I am feeling sad and a bit ashamed of myself.

Something happened — a wake-up call about this notion of social media “community” and “conversation.” It’s making me pause and reflect on what we’re really all about here on the social web. What I’m about.

Last year I collaborated with a bright young woman named Jenn Whinnem.   I didn’t know her at all and in fact I kind of pulled her out of thin air to help with a post on sexism on the social web.  She had made a random Twitter comment to me about women and blogging and I suggested that she write about it instead of talking to me about it … and one thing led to another, including a great post called “Is Blogging a Man’s Job?”

Since then, Jenn and I have been regular Twitter buddies and she has been a frequent contributor to {grow} through her comments in the community.

She recently revealed on a guest post on Jayme Soulati’s blog that she has a terminal disease, cystic fibrosis, and suffers every day.  Until this moment, I had put Jenn in the category of “friend” but realized I did not even know this single important fact that dominates her life, in fact dominates every breath she takes.   I hadn’t even talked to her on the phone. I would have heard the coughing. I would have asked her about it. I could have, and should have, known.

I lost sight of what it means to be a friend. It’s a word that has been social-media-cheapened and distorted for a new generation and I got caught up in it too.

While many of us pontificate and debate about the heralded Age of Conversation, I’m realizing we’re not having conversations at all.  Twitter is not a conversation. Commenting on blogs is not a conversation — it’s usually just a comment.  We see these little smiling avatars each day without really having a clue about the person behind the picture.

Isn’t it ironic that a thousand blog posts have been written about the importance of “the conversation” and more truthfully, the social web enables us to avoid conversations through status updates and other non-invasive procedures.

After a speech last week, I hung around to meet people and answer questions.  One young lady had some in-depth questions about how she could improve her business. Obviously I could not effectively answer the questions with 10 people waiting in line to talk. So I gave her my card and said, “Look, just call me. We can talk next week. I’ll try to help you.”  She looked like I had just hit her with a club. Funny how a phone call is regarded as something extraordinary these days.

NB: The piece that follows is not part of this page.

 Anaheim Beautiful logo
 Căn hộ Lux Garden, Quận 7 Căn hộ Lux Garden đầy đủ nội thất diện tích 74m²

I’ve decided that I want to do better. I want to have real conversations and make real friends.  I have gained so much from actually talking on the phone — and even meeting — the people on {grow}.  And yet, most of you are still strangers.  Want to talk?

I’ll trust you to handle this in a sensitive way, but if you’re interested, I would love for you to call or Skype me. Seriously. Let me know who you are and what we can do to help and support each other. My phone number is all over the website.  And who knows, I might just randomly call you.

In fact, I think I need to start with Jenn.